RECORDS FOR PROCESSING:
★ ★ ★ ★ ★

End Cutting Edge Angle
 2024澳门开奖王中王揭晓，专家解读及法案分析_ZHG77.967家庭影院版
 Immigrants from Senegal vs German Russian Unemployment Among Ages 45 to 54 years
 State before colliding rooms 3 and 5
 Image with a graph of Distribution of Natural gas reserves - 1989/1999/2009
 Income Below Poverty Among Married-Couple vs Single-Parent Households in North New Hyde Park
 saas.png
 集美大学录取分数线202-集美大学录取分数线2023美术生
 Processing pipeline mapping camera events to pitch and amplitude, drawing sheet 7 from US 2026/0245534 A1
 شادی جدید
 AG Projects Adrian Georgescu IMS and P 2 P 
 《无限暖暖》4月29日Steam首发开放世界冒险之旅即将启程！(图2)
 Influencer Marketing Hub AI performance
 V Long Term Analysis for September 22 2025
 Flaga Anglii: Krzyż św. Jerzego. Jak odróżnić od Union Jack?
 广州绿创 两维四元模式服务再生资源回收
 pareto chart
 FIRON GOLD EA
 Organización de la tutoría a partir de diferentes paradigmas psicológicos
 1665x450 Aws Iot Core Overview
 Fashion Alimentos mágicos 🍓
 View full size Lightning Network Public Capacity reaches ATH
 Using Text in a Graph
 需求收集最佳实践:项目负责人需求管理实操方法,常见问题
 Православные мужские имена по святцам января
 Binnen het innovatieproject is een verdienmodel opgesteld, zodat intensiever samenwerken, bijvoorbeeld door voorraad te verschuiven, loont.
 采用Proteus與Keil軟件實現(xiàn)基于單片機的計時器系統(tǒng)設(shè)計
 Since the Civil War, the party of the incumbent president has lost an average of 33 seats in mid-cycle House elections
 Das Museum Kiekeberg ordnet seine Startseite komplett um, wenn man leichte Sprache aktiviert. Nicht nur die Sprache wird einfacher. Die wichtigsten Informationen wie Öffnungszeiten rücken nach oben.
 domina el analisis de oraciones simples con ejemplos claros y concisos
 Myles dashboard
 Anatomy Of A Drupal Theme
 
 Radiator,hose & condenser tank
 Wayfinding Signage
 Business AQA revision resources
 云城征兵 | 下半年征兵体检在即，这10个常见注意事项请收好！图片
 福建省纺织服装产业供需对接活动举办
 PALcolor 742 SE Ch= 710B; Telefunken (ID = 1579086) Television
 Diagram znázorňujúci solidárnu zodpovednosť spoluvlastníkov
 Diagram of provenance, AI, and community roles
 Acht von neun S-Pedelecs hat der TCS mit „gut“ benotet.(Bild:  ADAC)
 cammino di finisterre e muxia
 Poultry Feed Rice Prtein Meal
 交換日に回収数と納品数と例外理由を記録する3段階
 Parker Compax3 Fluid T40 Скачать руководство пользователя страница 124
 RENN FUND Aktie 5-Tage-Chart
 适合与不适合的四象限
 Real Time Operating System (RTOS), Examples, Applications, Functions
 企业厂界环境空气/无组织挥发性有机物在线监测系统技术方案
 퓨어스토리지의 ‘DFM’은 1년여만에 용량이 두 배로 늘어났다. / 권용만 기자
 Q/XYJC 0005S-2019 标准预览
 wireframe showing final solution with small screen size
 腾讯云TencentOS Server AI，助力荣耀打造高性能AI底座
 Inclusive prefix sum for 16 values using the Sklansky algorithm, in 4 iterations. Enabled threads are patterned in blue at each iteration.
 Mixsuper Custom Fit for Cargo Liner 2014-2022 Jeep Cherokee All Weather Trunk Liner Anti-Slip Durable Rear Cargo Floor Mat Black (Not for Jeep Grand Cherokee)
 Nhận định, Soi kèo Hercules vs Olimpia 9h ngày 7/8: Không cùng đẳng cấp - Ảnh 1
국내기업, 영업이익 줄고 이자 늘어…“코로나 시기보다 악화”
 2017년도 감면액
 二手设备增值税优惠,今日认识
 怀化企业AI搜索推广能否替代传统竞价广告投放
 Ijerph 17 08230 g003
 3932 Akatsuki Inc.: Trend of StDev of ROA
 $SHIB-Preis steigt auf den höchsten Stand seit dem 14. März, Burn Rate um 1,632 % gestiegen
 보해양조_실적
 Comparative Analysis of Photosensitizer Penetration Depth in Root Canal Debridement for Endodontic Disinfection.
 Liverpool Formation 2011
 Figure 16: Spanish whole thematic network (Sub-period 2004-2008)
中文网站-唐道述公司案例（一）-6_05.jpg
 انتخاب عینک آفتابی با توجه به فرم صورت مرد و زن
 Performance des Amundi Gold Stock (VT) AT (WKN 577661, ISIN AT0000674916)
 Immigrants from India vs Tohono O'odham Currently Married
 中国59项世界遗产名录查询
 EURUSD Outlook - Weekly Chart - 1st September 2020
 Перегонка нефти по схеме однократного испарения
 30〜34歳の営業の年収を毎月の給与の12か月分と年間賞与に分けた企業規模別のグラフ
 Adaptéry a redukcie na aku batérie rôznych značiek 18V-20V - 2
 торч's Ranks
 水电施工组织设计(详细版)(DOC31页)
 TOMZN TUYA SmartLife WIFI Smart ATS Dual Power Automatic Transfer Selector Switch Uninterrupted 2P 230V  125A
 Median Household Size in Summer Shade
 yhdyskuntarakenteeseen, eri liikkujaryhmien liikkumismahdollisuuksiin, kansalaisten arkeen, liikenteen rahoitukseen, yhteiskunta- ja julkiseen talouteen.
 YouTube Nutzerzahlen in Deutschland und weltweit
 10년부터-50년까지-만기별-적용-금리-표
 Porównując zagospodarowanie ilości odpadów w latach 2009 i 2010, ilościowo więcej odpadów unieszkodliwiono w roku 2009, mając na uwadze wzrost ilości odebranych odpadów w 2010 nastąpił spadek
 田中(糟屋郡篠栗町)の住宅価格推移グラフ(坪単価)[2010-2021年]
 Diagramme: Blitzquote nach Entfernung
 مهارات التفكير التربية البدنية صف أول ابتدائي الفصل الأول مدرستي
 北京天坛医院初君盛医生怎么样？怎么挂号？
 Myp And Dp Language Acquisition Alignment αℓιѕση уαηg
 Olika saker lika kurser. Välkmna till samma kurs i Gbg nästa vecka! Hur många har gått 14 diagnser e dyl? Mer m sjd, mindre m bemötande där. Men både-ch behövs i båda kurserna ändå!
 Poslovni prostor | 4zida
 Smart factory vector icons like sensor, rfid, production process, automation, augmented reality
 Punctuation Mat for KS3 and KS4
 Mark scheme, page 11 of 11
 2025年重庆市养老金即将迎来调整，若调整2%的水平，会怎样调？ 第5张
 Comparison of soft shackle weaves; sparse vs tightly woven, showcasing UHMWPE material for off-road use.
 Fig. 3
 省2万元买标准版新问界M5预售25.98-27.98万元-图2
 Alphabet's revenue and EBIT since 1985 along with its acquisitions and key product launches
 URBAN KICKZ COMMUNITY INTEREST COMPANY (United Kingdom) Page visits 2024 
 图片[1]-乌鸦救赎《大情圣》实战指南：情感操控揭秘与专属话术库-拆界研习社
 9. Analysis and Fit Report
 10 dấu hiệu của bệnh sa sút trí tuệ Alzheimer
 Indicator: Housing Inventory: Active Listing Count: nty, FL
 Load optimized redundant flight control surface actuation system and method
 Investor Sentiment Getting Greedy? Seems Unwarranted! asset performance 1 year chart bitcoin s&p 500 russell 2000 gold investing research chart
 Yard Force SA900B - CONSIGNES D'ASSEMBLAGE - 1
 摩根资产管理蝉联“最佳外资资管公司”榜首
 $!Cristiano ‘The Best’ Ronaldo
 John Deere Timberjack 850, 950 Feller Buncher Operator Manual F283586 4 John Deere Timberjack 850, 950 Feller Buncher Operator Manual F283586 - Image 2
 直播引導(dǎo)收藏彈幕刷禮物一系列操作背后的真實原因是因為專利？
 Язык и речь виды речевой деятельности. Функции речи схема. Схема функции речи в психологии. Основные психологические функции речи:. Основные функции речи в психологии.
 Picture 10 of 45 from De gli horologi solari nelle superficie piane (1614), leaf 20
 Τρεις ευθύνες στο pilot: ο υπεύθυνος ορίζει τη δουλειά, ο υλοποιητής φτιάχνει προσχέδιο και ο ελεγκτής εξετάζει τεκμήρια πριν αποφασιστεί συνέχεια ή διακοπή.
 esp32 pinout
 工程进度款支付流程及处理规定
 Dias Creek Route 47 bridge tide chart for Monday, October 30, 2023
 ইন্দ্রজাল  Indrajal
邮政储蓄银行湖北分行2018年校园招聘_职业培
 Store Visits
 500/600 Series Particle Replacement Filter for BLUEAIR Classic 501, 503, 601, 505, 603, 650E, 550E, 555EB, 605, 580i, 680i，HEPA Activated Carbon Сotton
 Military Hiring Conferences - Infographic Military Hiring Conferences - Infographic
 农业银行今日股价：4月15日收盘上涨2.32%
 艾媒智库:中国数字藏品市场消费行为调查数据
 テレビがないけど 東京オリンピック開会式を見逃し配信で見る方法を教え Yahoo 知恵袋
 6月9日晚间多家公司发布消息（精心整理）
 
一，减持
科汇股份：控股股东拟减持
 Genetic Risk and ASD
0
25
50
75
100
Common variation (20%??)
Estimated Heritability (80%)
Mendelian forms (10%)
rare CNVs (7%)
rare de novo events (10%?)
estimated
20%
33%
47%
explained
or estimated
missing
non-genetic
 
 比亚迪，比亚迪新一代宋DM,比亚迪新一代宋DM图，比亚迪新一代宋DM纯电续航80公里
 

★ ★ ★ ★ ★

WHAT IS BEING ASKED: Your answer must hold the line containing "rare CNVs (7%)" and all lines after it in the entries above, exactly, and nothing else.

REPLY TO THE TASK:
rare CNVs (7%)
rare de novo events (10%?)
estimated
20%
33%
47%
explained
or estimated
missing
non-genetic
 
 比亚迪，比亚迪新一代宋DM,比亚迪新一代宋DM图，比亚迪新一代宋DM纯电续航80公里
 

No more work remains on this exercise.